São Paulo - A intenção da Advocacia Geral da União (AGU) era comemorar o Dia Nacional de Combate à Corrupção, nesta quinta-feira, com a divulgação de dados que mostrassem o aumento das ações de combate aos delitos contra o erário. E para isso divulgou um relatório com dados que saltam aos olhos: em 2010 foram ajuizadas 2.449 ações para reaver aos cofres públicos dinheiro desviado por políticos, servidores, militares e até empresários.
Analisados com mais cuidado, porém, os dados mostram que os prefeitos foram os maiores alvos das ações ajuizadas a partir de decisões do Tribunal de Contas da União (TCU). Nenhuma das ações tem como alvo ocupantes de alto escalão de poder como ministros, deputados, senadores e governadores. Como não faltam denúncias contra esses figurões na imprensa, parece que alguma coisa não anda funcionando bem no sistema de punição contra corruptos da AGU.
“O TCU adora condenar prefeito, mas é inútil com ministros, governadores, deputados e senadores, o que o torna pouco efetivo”, critica o cientista político Ricardo Caldas, que leciona Teoria e Análise Crítica da Corrupção na Universidade de Brasília (UnB).
De fato, o levantamento divulgado pela AGU indica que os prefeitos têm andado bastante fora da linha.

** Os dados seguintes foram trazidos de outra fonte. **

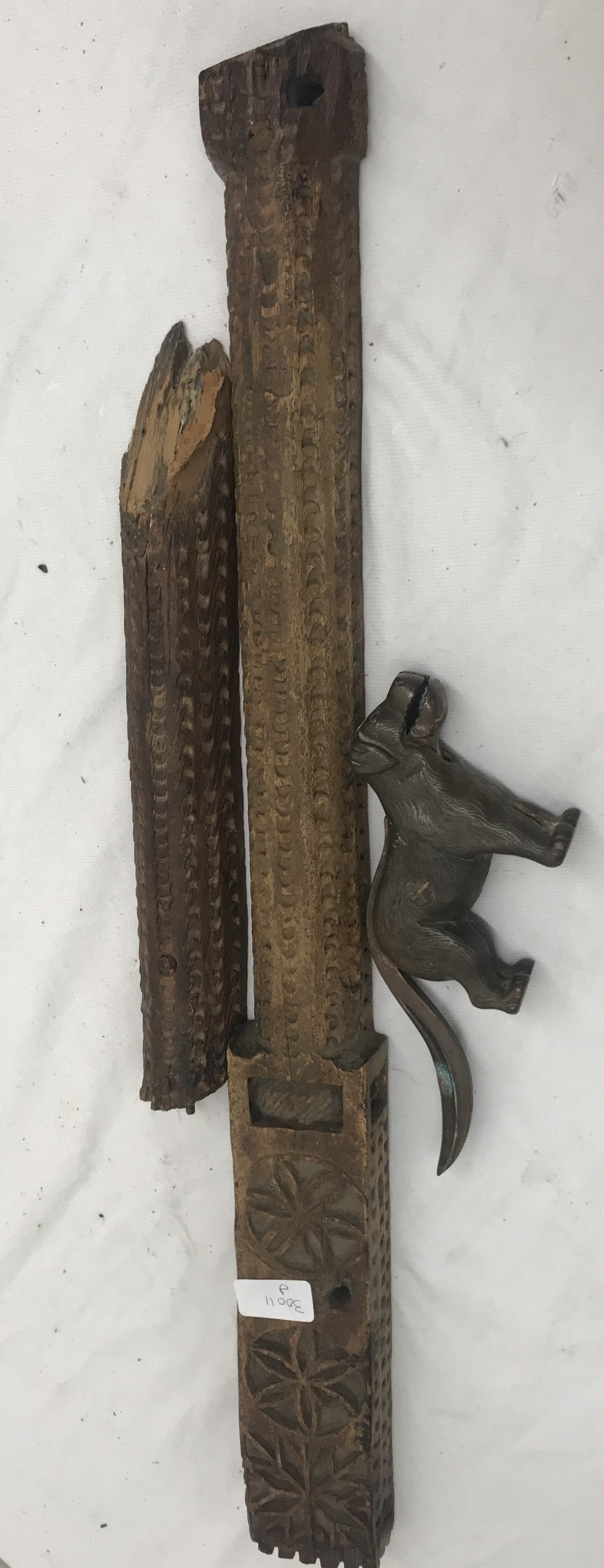 A 19th century metal dog nutcracker and a bull's head can opener;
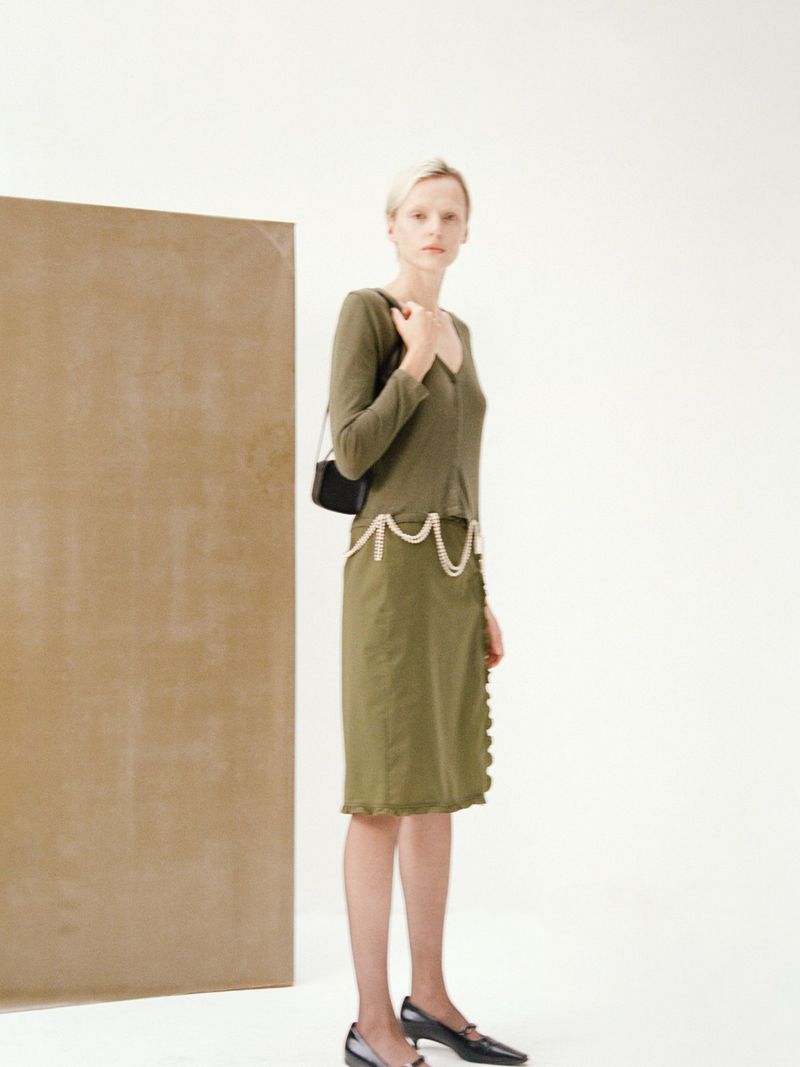 An adult woman in a green dress and dark flats poses in a photo studio with a neutral background and brown accent wall panel.
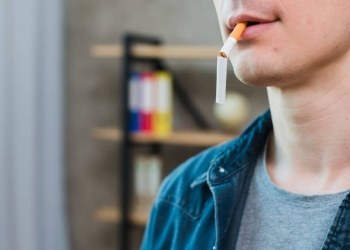 Imagem de um homem com cigarro quebrado na boca.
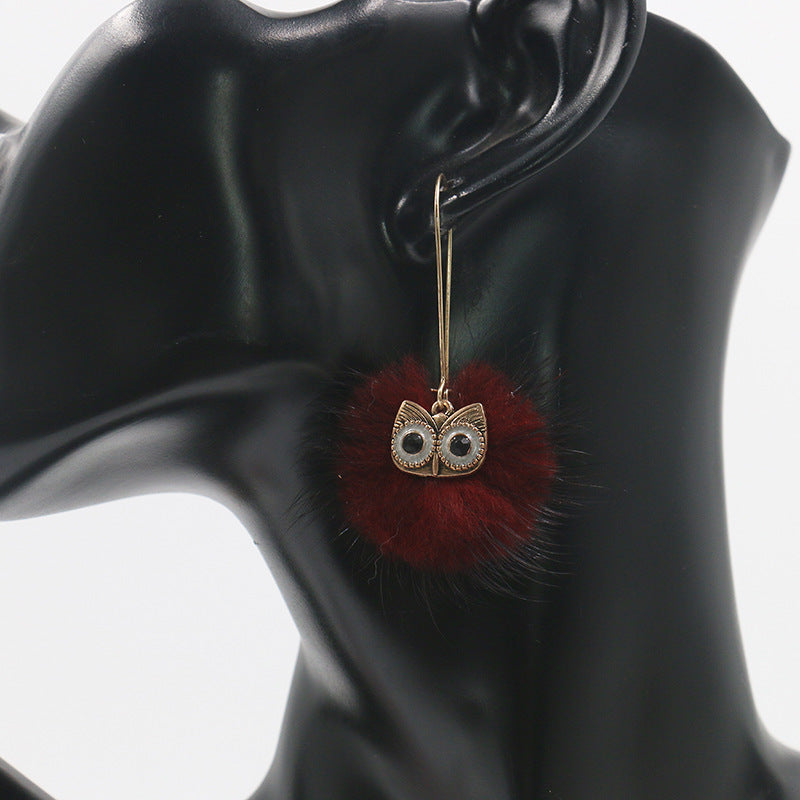 Otter hairball owl long earrings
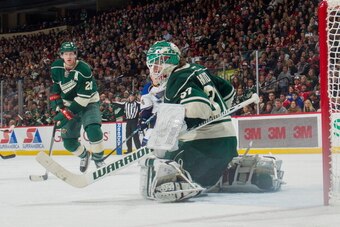 ST. PAUL, MN - DECEMBER 31: Josh Harding #37 of the Minnesota Wild makes a save against the St. Louis Blues during the game on December 31, 2013 at the Xcel Energy Center in St. Paul, Minnesota. (Photo by Bruce Kluckhohn/NHLI via Getty Images)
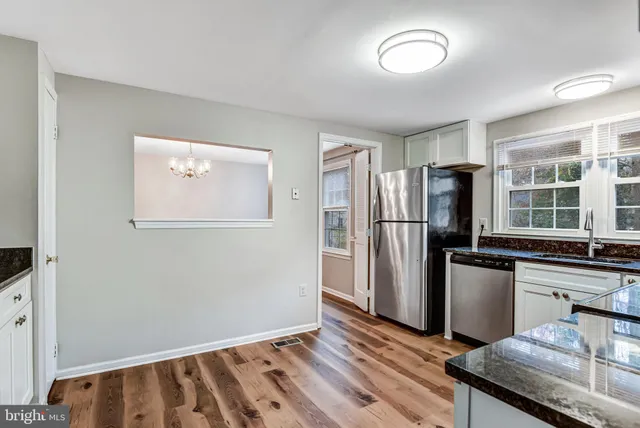 a kitchen with a refrigerator and a sink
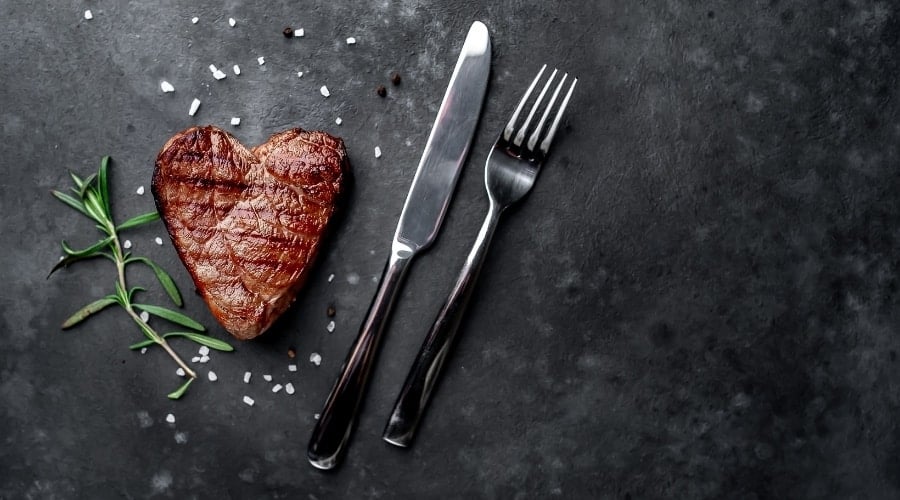 Steak in heart shape with salt.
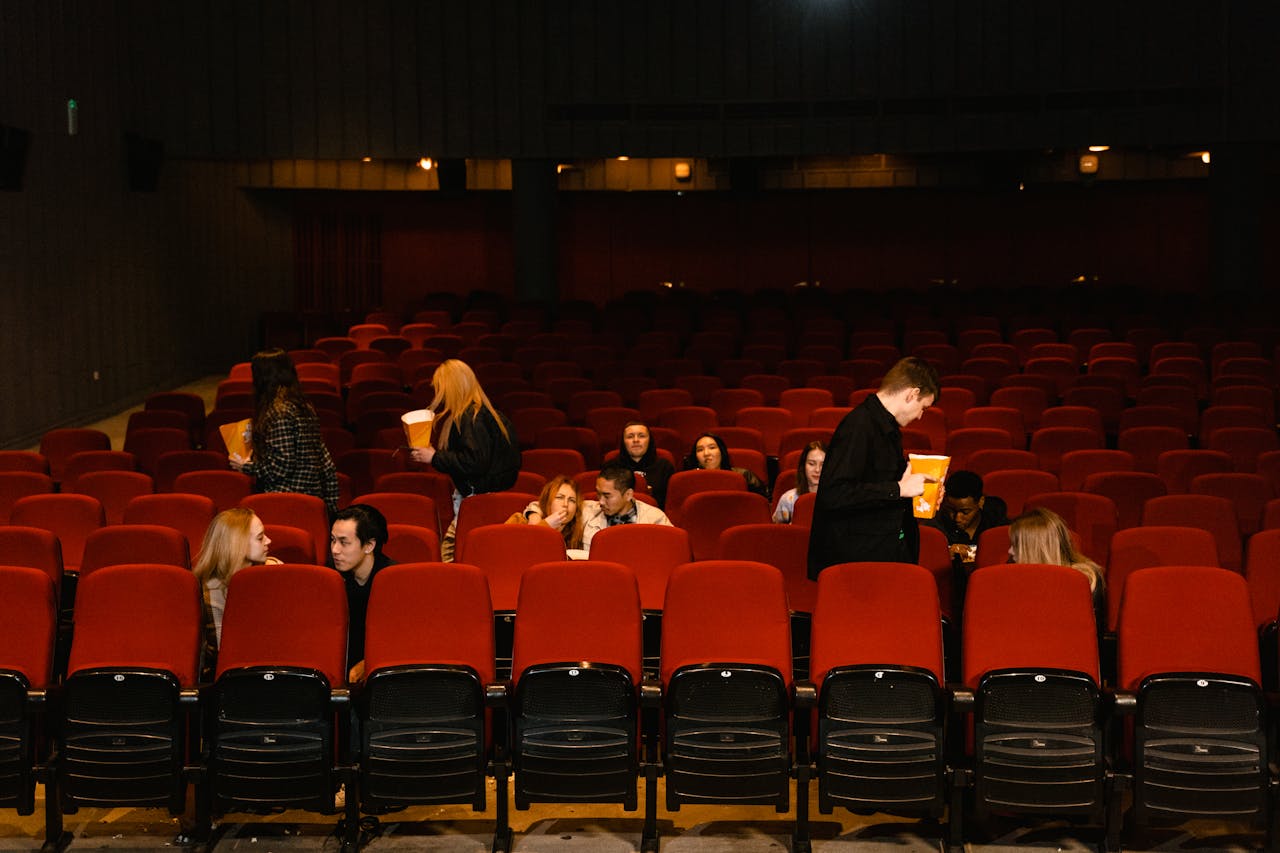 about-us-01 Group of people enjoying a movie with snacks in a cinema with red seats.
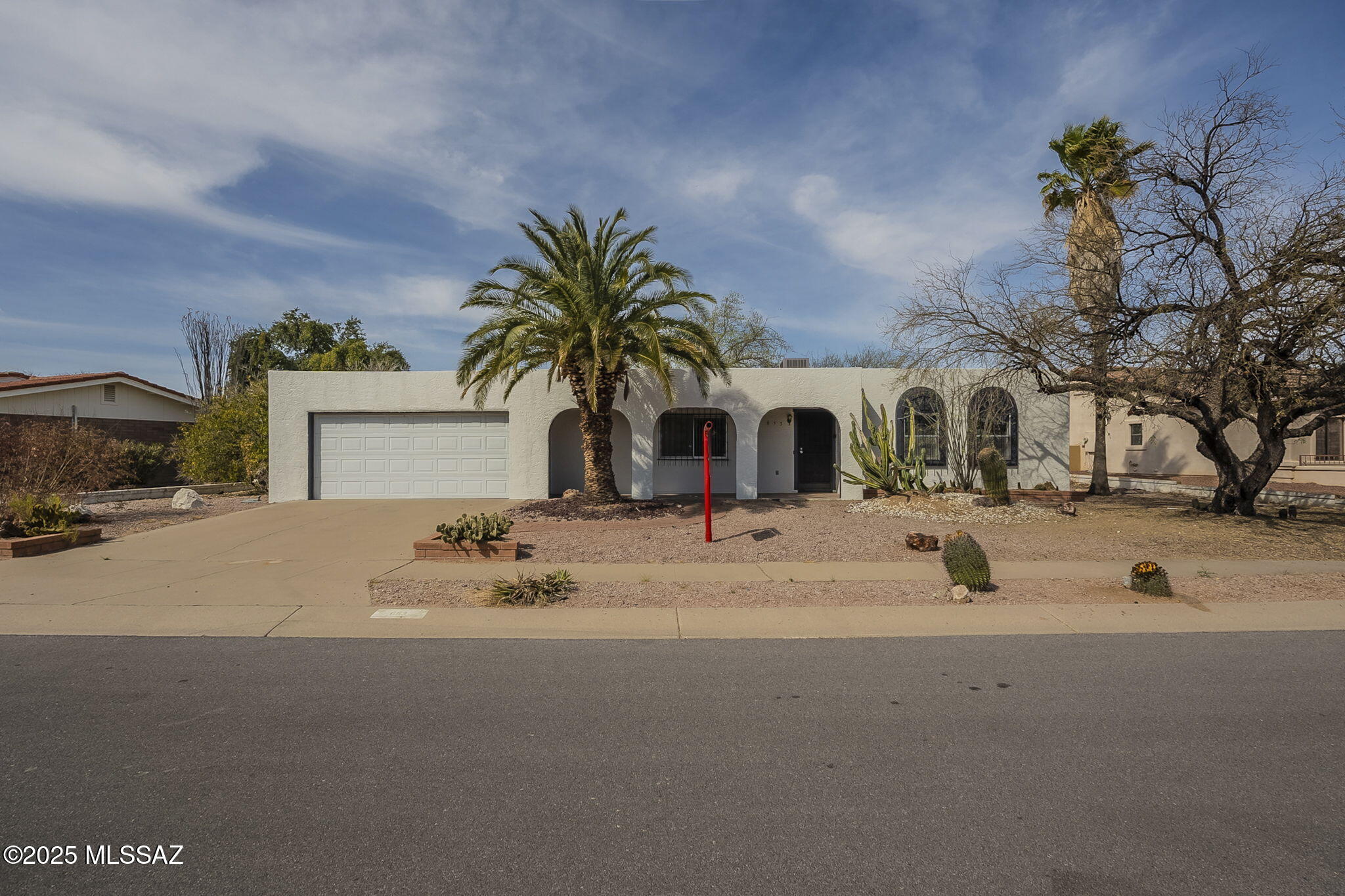 Welcome to your Southwestern sanctuary in Green Valley Country Club Vistas! This freshly painted 2-bedroom, 2-bath, 1525 sq. ft. home offers a perfect blend of style and comfort. The updated kitchen has new cabinets and countertops, while the inviting living room features a cozy wood-burning fireplace. The primary bathroom showcases ceramic tile finishes with practical elegance. There's also a bonus room off the back of the garage perfect for a hobby room, an office or anything you can imagine. Step outside to enjoy the 0.22-acre lot with low-maintenance desert landscaping and a covered patio. This home is an idyllic retreat for relaxation and leisure.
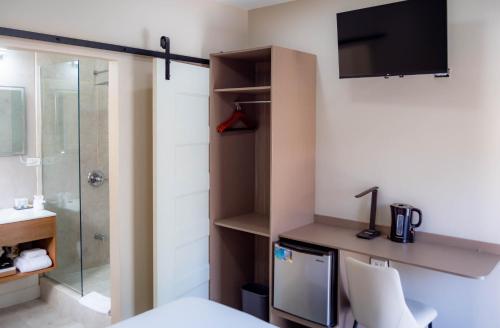 a bathroom with a bed and a shower and a television at TStays Smart Hotel Courtyard, Gated Modern Stay in Port-of-Spain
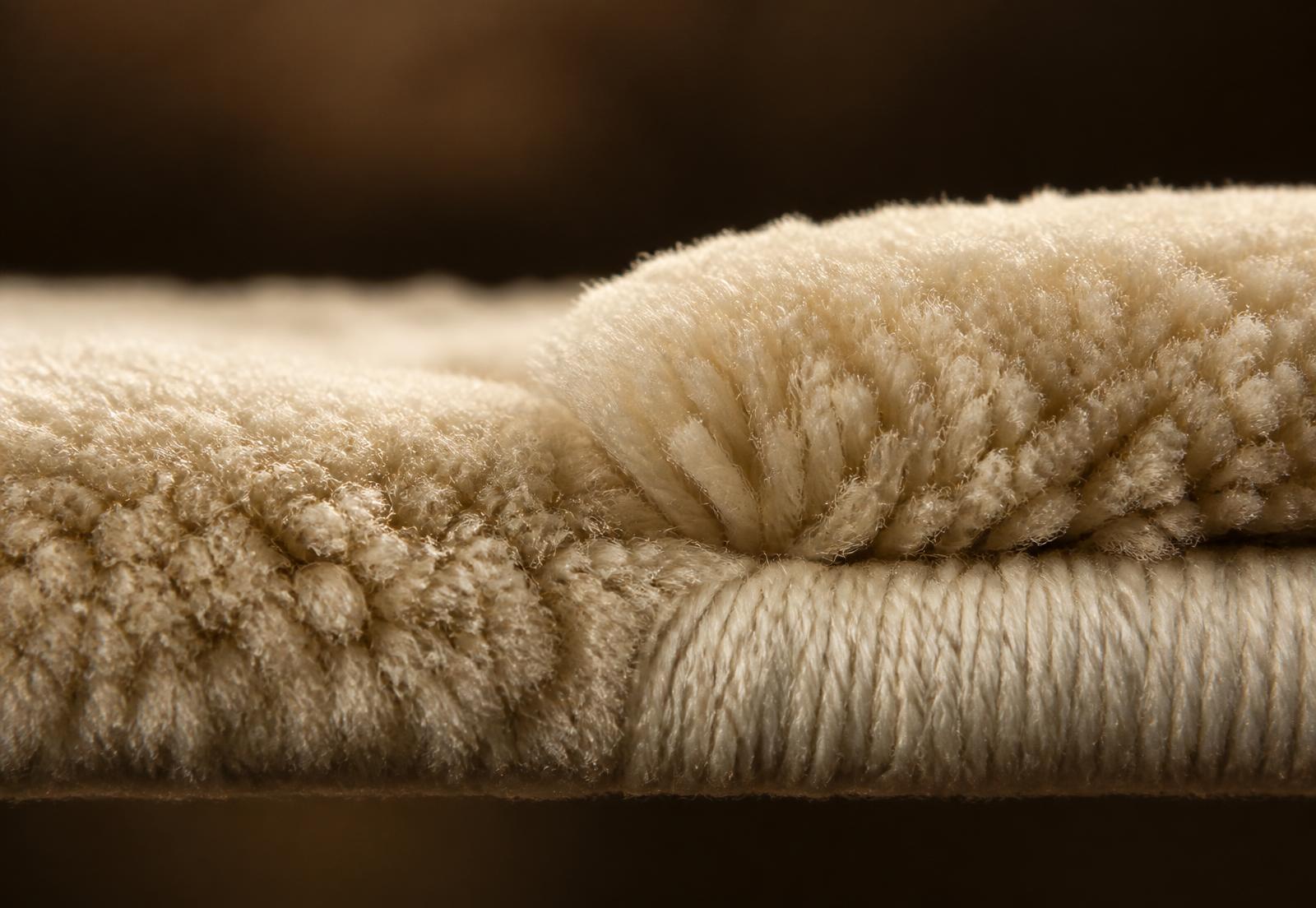 Close detail of the Egyptian Tiger wool rug construction and finished edge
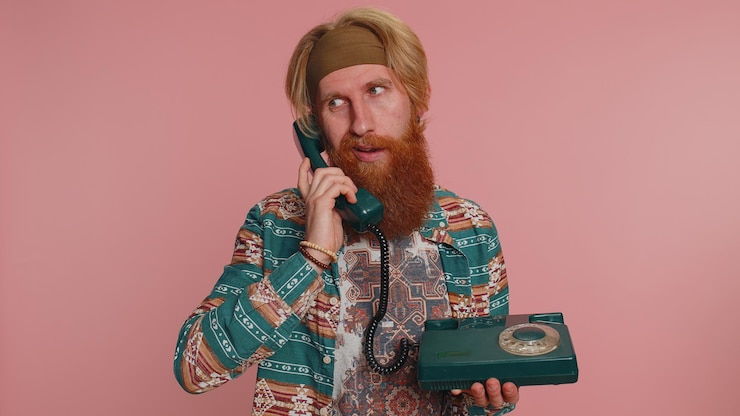 Zdjęcie zmęczony, szalony hippie rozmawiający przez przewód, vintage telefon z lat osiemdziesiątych, robiący głupie miny.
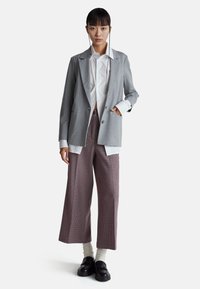Šedý přizpůsobený blazer přes bílou košili, spárovaný s vysokým pasem, širokými kalhotami s kostkovaným vzorem a černými mokasínami, vytváří moderní vzhled.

Das 2.449 ações ajuizadas com base em condenações do TCU, 1.115 têm como réus prefeitos e ex-prefeitos (45,53%). Em segundo lugar estão os servidores públicos, com 354 (14,45%), seguidos de dirigentes de órgãos e entidades, com 283 (11,56%). Na lista de demais categorias, há ainda secretários de governo estadual e órgãos públicos. Mas nada de poderosos de verdade.
A AGU se defende afirmando que a efetividade das punições tem sido maior. Nos últimos dez anos, o número de ações civis ajuizadas pelo órgão executando condenações do TCU cresceu 87% - em 2001 foram 281 casos, número que em 2010 pulou para 2.147. Considerando todas as ações de 2010, inclusive as que partiram da União, espera-se que os cofres públicos sejam ressarcidos em 2,7 bilhões de reais. Desse total, 582 milhões já foram bloqueados ou penhorados.
Ainda assim, o professor Caldas volta à carga: “Mesmo quando há condenações, poucos punidos devolvem o que foi desviado porque ficam protelando isso com recursos”. Ele argumenta que os dados oficiais são estrategicamente divulgados para dar a aparência de que a corrupção está sendo combatida. “É uma forma de verniz, um jogo de aparência, mas a cultura não muda”, reclama.
Para Caldas, a corrupção no Brasil só vai deixar de ser regra quando houver uma agência independente que a combata, como acontece no Reino Unido, por exemplo. “Não há interesse de parlamentares e do governo em enfrentar isso. Do jeito que está, é como colocar a raposa para tomar conta do galinheiro”, compara.
Estados - Os dados da AGU baseados em condenações do TCU indicam outra peculiaridade. Em números absolutos, Minas Gerais e São Paulo são os estados com o maior número de casos. No entanto, se analisados proporcionalmente à quantidade de municípios, Amapá, Roraima e Amazonas lideram o ranking. “Minas e São Paulo têm muitas prefeituras e maior potencial de negócios e convênios, o que abre mais brechas para desvios, mas os altos índices dos estados do Norte são inexplicáveis”, comenta o diretor do Departamento de Patrimônio Público e Probidade Administrativa da AGU, André Mendonça.
Para ele, o simples fato de os processos cíveis chegarem a uma solução deve ser comemorado. “Como os processos criminais prescrevem rápido, não há condenações a tempo e a sensação de impunidade é maior”, defende. “O processo cível alcança o patrimônio do sujeito, que prefere ir preso do que perder dinheiro. E não tem prescrição, logo, o tempo não corre contra a sociedade e a pena vai ser aplicada do mesmo jeito.”
Mendonça reconhece que ainda há muito a fazer para reduzir a corrupção no país, mas aponta avanços. “Em 2009, criamos um grupo de 110 advogados da União que estão espalhados pelo Brasil atuando exclusivamente no combate à corrupção. Não se fazia isso antes por falta de prioridade”, destaca. “Tudo é um ciclo, não adianta atuar separadamente. Estamos trabalhando na consequência, mas, se o país quer erradicar a corrupção, tem que agir na raiz do problema: a educação.”